Work required. Output all the data exactly. Pictures do not belong in the copy.

Image-caption web data:

^^^^

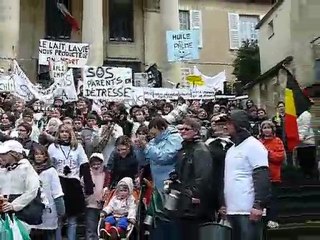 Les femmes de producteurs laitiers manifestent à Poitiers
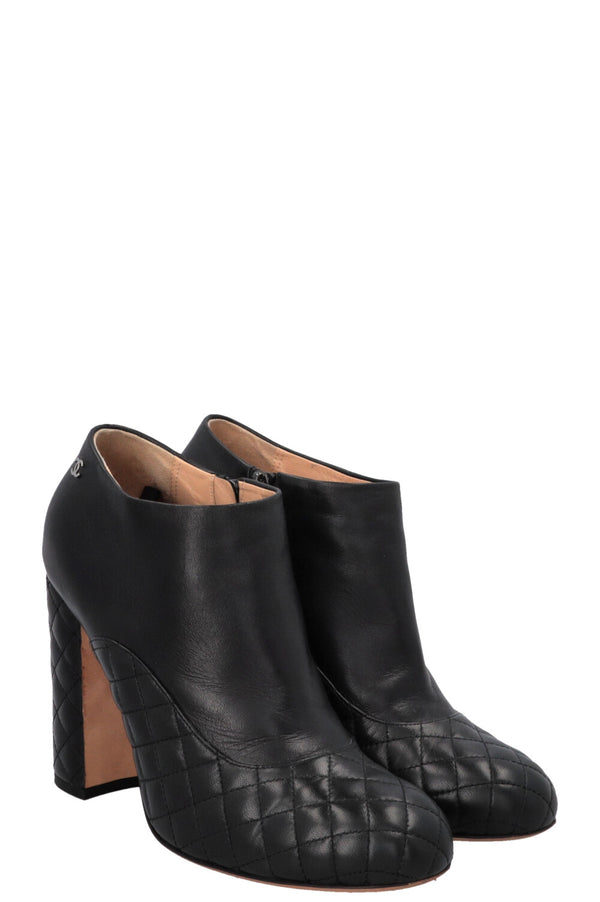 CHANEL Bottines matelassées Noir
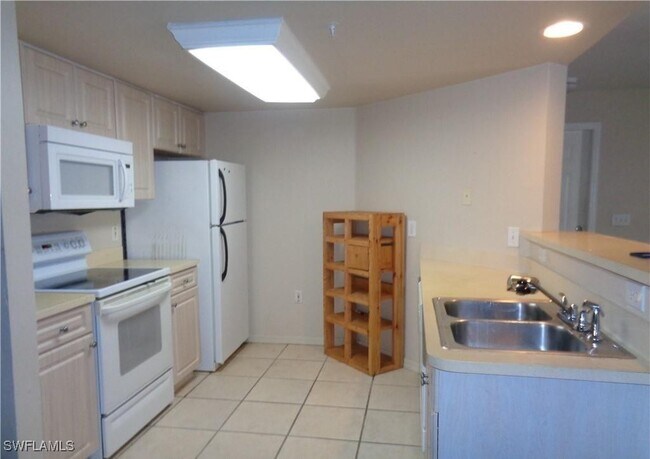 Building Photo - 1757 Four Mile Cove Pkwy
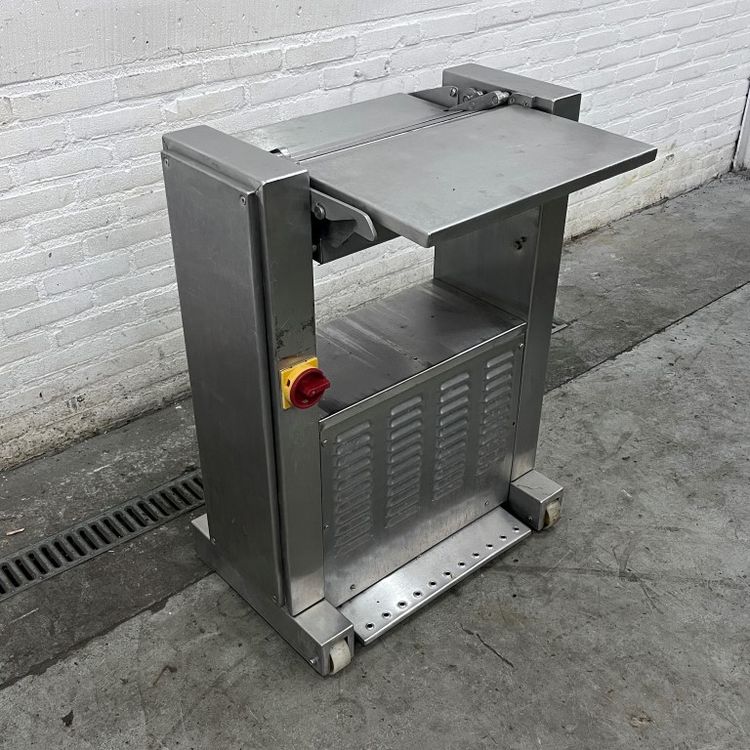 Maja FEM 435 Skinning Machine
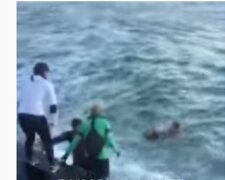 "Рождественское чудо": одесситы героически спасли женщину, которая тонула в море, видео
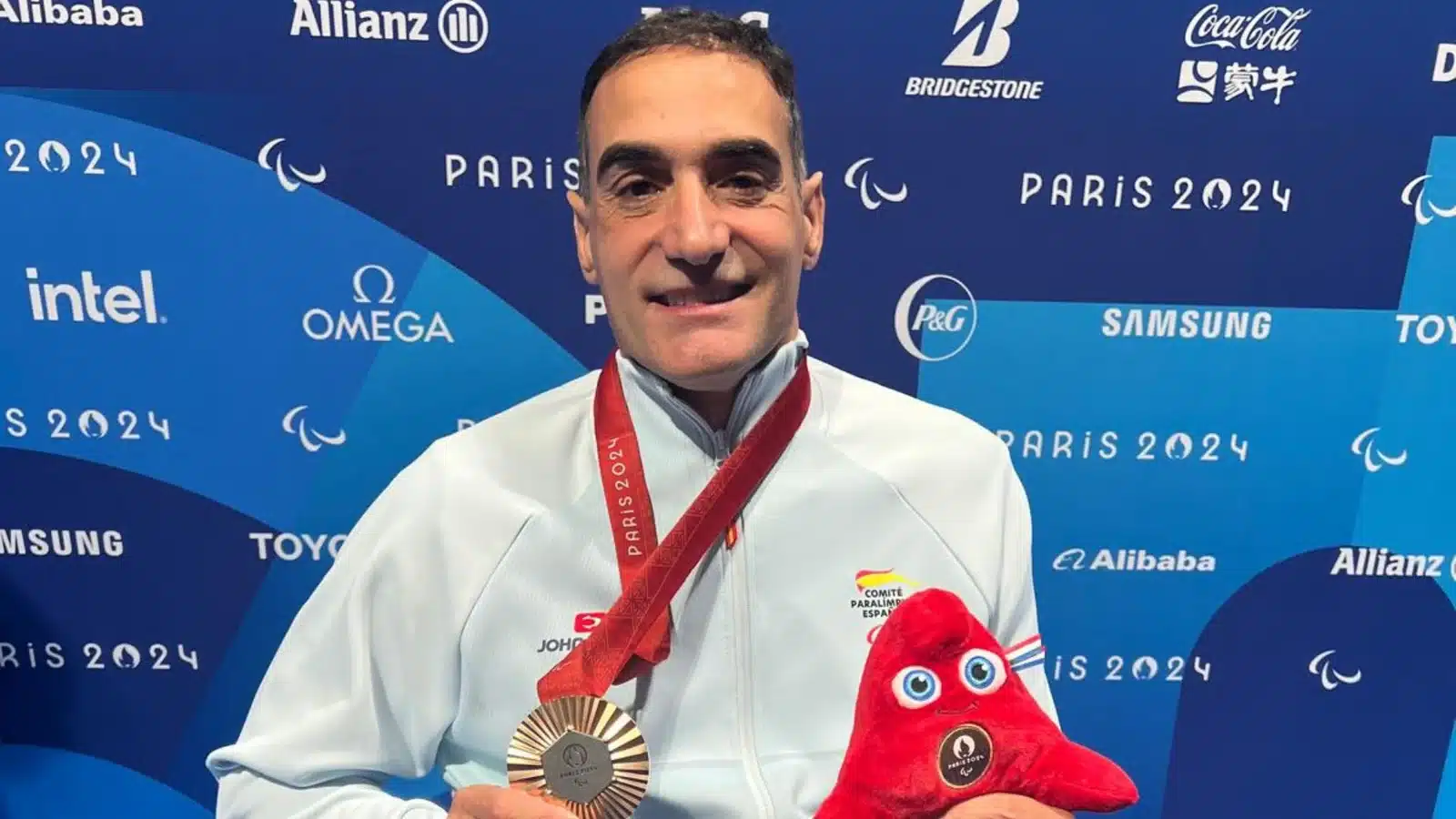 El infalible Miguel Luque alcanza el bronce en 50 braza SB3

^^^^

Answer box.
 Les femmes de producteurs laitiers manifestent à Poitiers
 CHANEL Bottines matelassées Noir
 Building Photo - 1757 Four Mile Cove Pkwy
 Maja FEM 435 Skinning Machine
 "Рождественское чудо": одесситы героически спасли женщину, которая тонула в море, видео
 El infalible Miguel Luque alcanza el bronce en 50 braza SB3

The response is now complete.